1 私が子どものころ,集めていた「切手」の話。

  「切手」を集め始めたきっかけは,お父さんが廃品回収業を営んでいた同級生から,めずらしい「切手」のコレクションを見せてもらったことでした。使用済みの切手でも,これを「ゴミ」として燃やしてしまうのではなく,外国に輸出すれば,日本の文化を知ってもらうきっかけにもなる。ですから,封筒やはがきに貼ってあった「切手」は捨てずに,集めてほいて「寄付」をするという方法があることに気づかせる。

2 世界の中には,廃棄物から「資源」を取り出して売ることを仕事にしている子どもがいる。

 電気製品のコードを燃やして,中の「銅」を集めて売る子どもの映像を見せる。やけどしたり,有害なガスで体をこわしたりしても,わずかなお金を手に入れるために働いている。リサイクルの仕組みを上手にしないと,こういう労働のためにこきつかわれる子どもが生まれてしまう。

3 「都市鉱山」の話。

 「地下資源」ではなく,「地上資源」とは何か?と聞いてみる。廃棄物のことは2の活動からすぐに思い当ってもらえるでしょう。山積みになった廃車の写真などを見せます。そして,ニュースなどでも報道されていますから,知っている子どもも多いはずの,「携帯電話」からとれる金やレアメタルの話。

4 もう一度,ゴミ箱に目を向ける

 リサイクルの仕組みがかなり進んだ日本には,「ゴミ箱」の中には,本当に「ゴミ」しかないのかもしれない。でも,その「ゴミ」を一つ一つ,もう一度よく眺めてみよう。それがなくせる方法はないのか,それは本当に「ゴミ」なのか。一週間の教室のゴミ箱のゴミから,取り出したものを見せてみる。

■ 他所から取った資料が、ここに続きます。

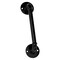 National Hardware National Hardware 2.5 in. L Black Steel Gate Handle 1 pk N166-013 - alternate 1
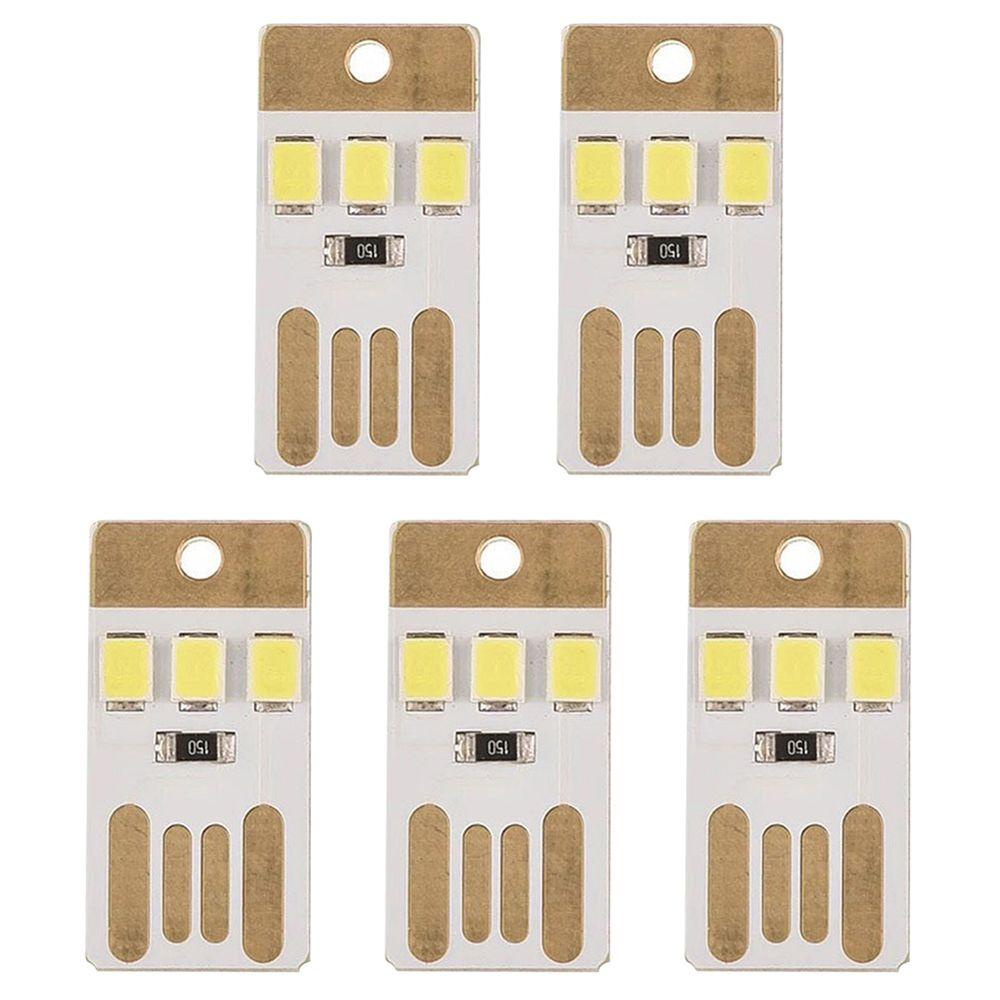 Đèn LED USB Tiết Kiệm Năng Lượng Có Móc Khóa Nhỏ Gọn Tiện Dụng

まだ使える消しゴムや鉛筆,大量の紙ごみなど,改めて考えてみれば,「ゴミ」ではないものを,安易に「ゴミ」箱に捨ててきたということはないか,考えてみよう。コンピュータの「ゴミ箱」は,そこに入れただけでは削除されない。最終的にゴミとして捨てる前に,よく確かめる習慣をつけよう。

5 江戸時代のリサイクル事情

 中学校の歴史の教科書にも出ている話。導入の話に戻り,「大事な仕事」だと改めて考えさせる。

6 ブログなどに紹介されている他人の文章を,「ゴミ捨て場」にたとえている人,その文章を紹介する。

 なぜこの人は,こういう文章を書かざるを得ないのか。どういう経験を経て,こういう人間になっていったのか。子どもは戸惑いながらも,いろんな想像をはたらかせてくれるでしょう。

 私の想像では,「共感」してくれる人はゼロでも,「同情」してくれる子どもは意外といてくれるはずです。

*************

 6は実際には「ゴミ箱」入りになるでしょうが,様々な別の角度から人間を考える題材として使えます。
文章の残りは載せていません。